Perl language syntax highlighting troubles (bug or limitation ?)

  • @PeterJones - thx for clarification. So a regex for the problematic keywords would be this?


    Is there a nicer way instead of encasing every keyword by word boundary switch?

    yes, and now type one of the words like q, sub, format … into the area with the correct
    colored keywords and see what happens.

  • @Gilles-Maisonneuve

    All right then if it’s a Scintilla bug, lets wait for a possible correction of their lexer.

    not sure if this really helps in case of npp usage because once the perl lexer gets updated
    npp needs to update it as well and as said, npp uses a rather old scintilla at the moment.

  • @Ekopalypse said:

    Is there a nicer way instead of encasing every keyword by word boundary switch?

    Encase it in bulk?


    Though I don’t think that list is right.

    The reason why the “sub” and some of the others didn’t highlight is because the some of the quote-like operators require extra symbols to complete it, otherwise, it’s not considered a keyword:

    As you can see, the sub and format do highlight as keywords. The m// and s/// also highlight properly when they are complete regular-expression notation. The x is an operator, and highlights properly as an operator.

    The non-m and non-s quote-like operators q qq qr qw qx tr y, however, appear to not be coloring at all, even when properly closed, despite the fact that the lexer can recognize that they need to be properly opened and closed.

    I would say the list of keywords that need enhanced-UDL highlighting (until fixed in the lexer) are limited to:


    @Gilles-Maisonneuve ,

    About the DATA and END keywords I think their coloring is wrong as they should be regarded as keywords or text or longquote so should not reader as"default" text.

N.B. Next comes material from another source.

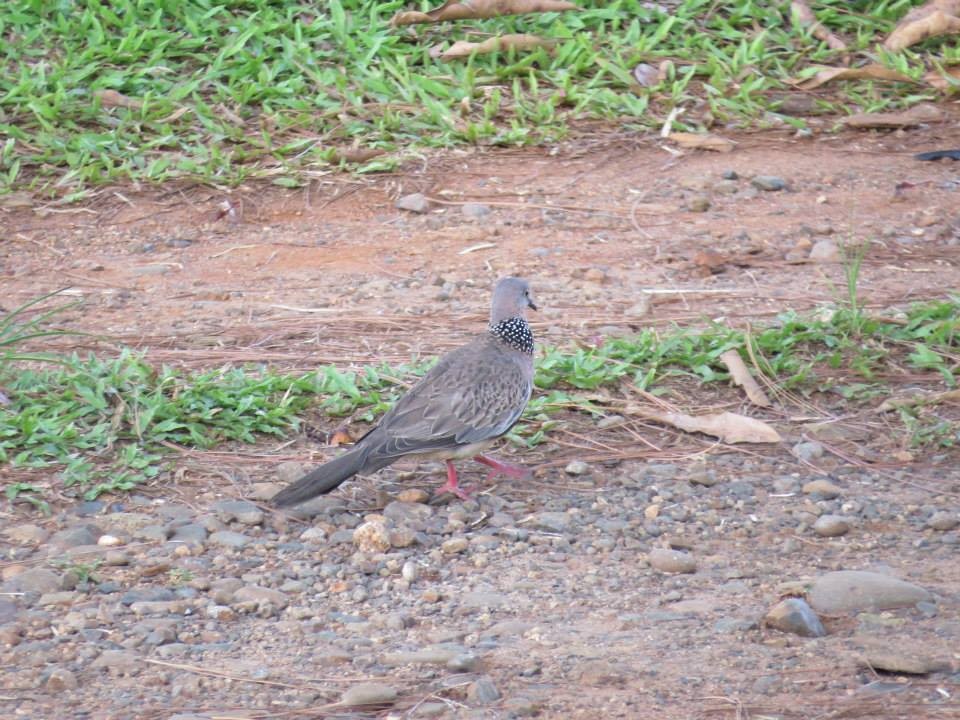 Spotted Dove - Kenneth Bader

    The lexer is applying the same DATASECTION styling to the __DATA__ and __END__ keywords as to the text beyond them: it’s not applying “default” style, when used in proper syntax:
    I’m not sure that’s as much a bug as a difference in opinion on how the DATASECTION lexing should be handled; I think it was probably a design decision, rather than accidentally including them as part of the DATASECTION

    But, as such, I don’t think they should be listed in the INSTRUCTION WORDS (keywords) list – though they also don’t need handling by the enhanced UDL

  • @Ekopalypse ,

    I forgot to include the source-code of my image:

    my $x = m//;
    # if the q is properly bracketed, it allows others to highlight properly
    q(qq qr qw qx tr sub format m x y s);
    q{qq qr qw qx tr sub format m x y s};
    q/qq qr qw qx tr sub format m x y s/;
    sub blah { 'properly highlighted sub' }
    format Somethine = 
        Test: @<<<<<<<< @|||| @>>>>>>
              $str,     $%,   '$'.int($num)
    sub another { 'here' }
    # x is actually an operator (highlighted blue), which says "repeat string n times"
    'blah' x 5;
    # these need two matching symbols, or a matched set of paren-like symbols
    q//;    q(); 
    qq//;   qq{}; 
    qr//;   qr(); 
    qw//;   qw[]; 
    qx//;   qx(); 
    # these need three matching symbols, or two matched sets`
    tr///;      tr(srch)(repl)opts;
    y///;       y{srch}{repl}opts;
    # m and s are special, in that they actually show up as part of the regex coloring
    m/search/opts;              m(search)opts;
    s/search/replace/opts;      s(search)(replace)opts;
    sub blah {} # still highlights right
    # here, sub won't highlight properly because the q operator isn't complete
    sub blah {

  • With these information the SciTE looks much better, maybe mostly correct, then.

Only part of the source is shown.